MATERIAL TO PROCESS>
——

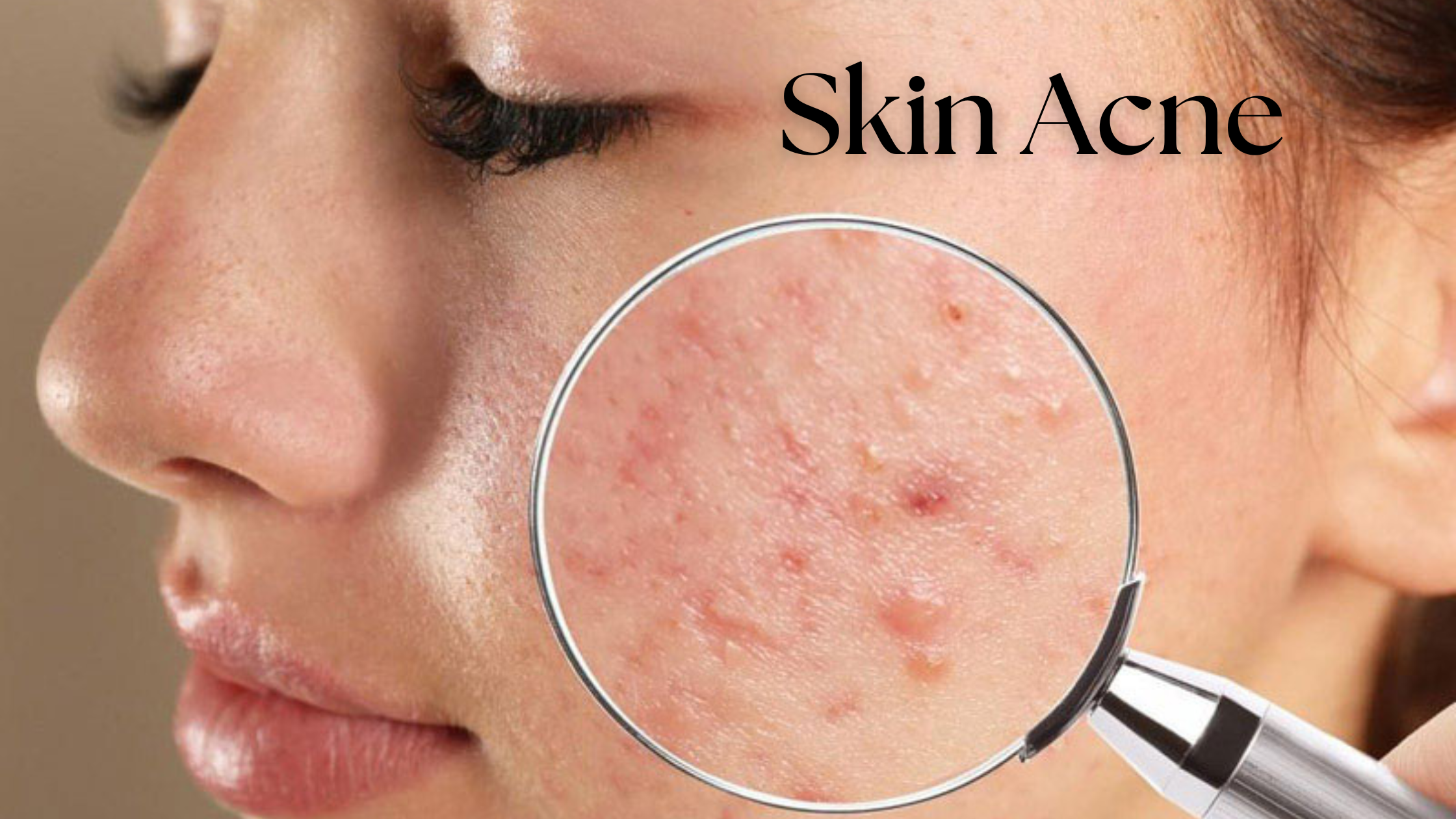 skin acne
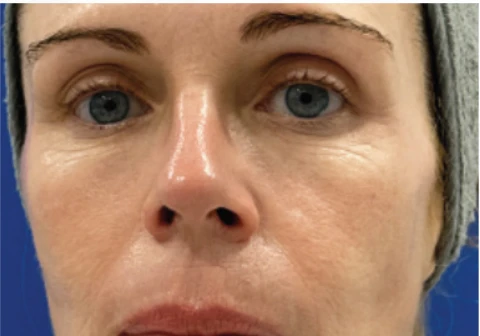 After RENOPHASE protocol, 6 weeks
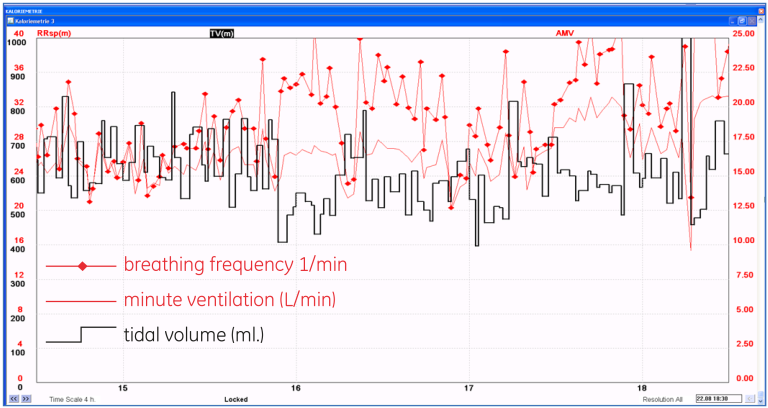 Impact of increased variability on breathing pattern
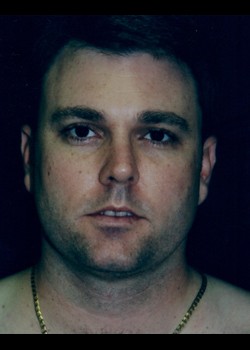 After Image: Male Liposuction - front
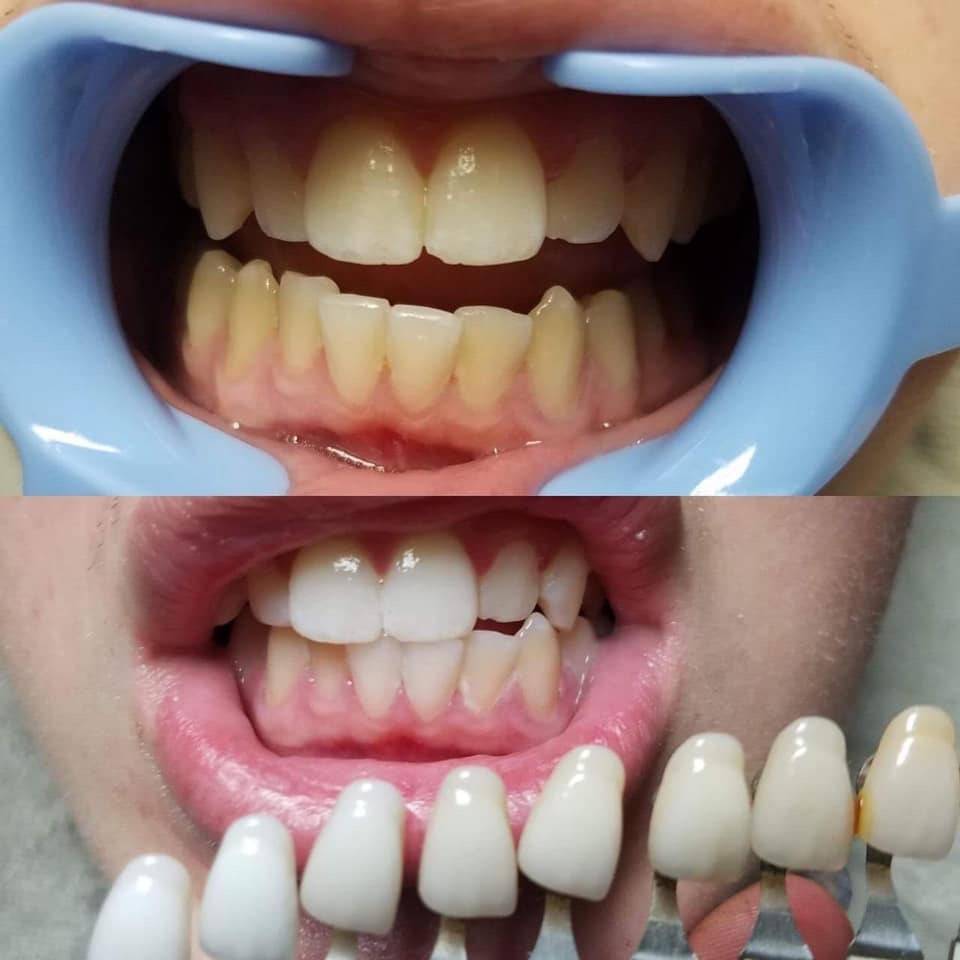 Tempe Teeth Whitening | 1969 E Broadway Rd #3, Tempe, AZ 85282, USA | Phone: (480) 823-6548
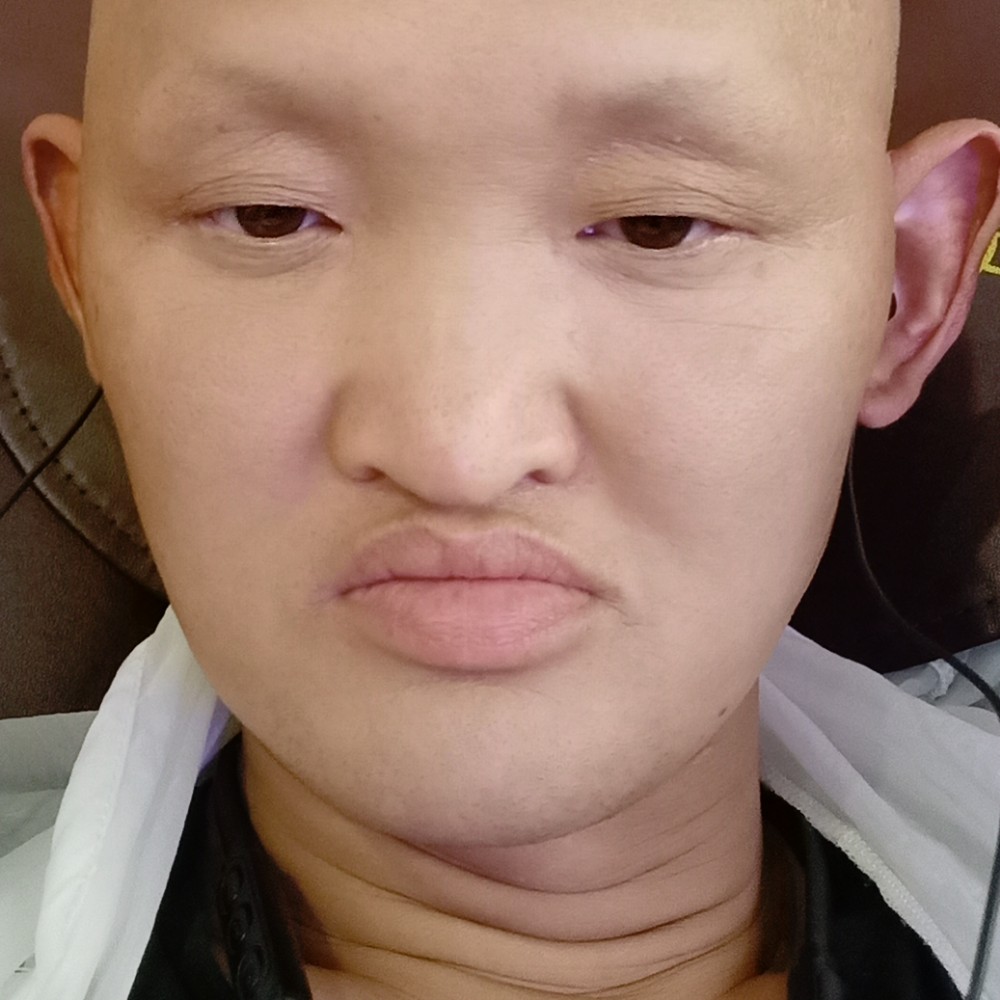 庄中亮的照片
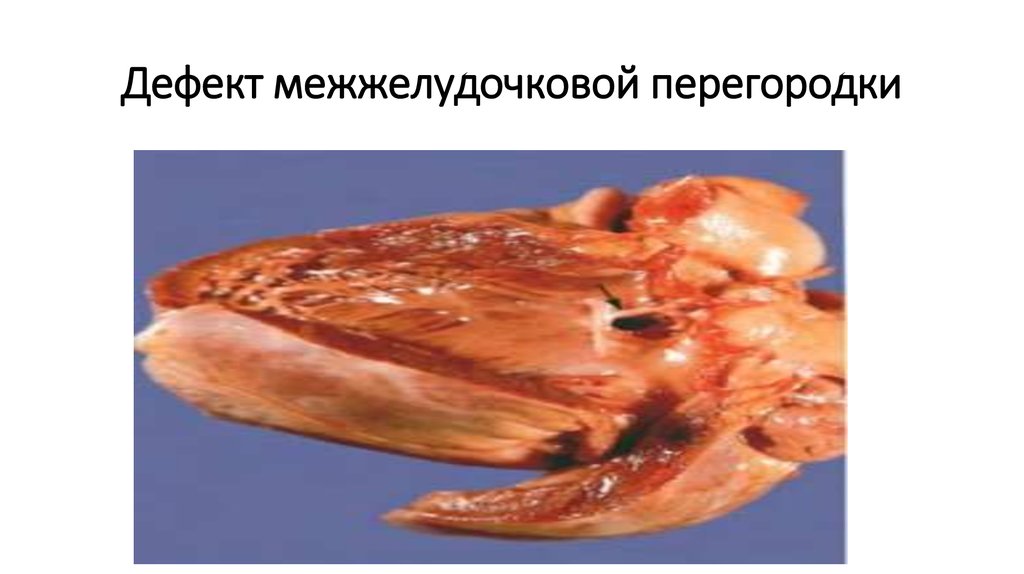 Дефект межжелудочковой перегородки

——

WHAT IS NEEDED> Each record above should be duplicated word for word, with no pictures included.

RESULT>
 skin acne
 After RENOPHASE protocol, 6 weeks
 Impact of increased variability on breathing pattern
 After Image: Male Liposuction - front
 Tempe Teeth Whitening | 1969 E Broadway Rd #3, Tempe, AZ 85282, USA | Phone: (480) 823-6548
 庄中亮的照片
 Дефект межжелудочковой перегородки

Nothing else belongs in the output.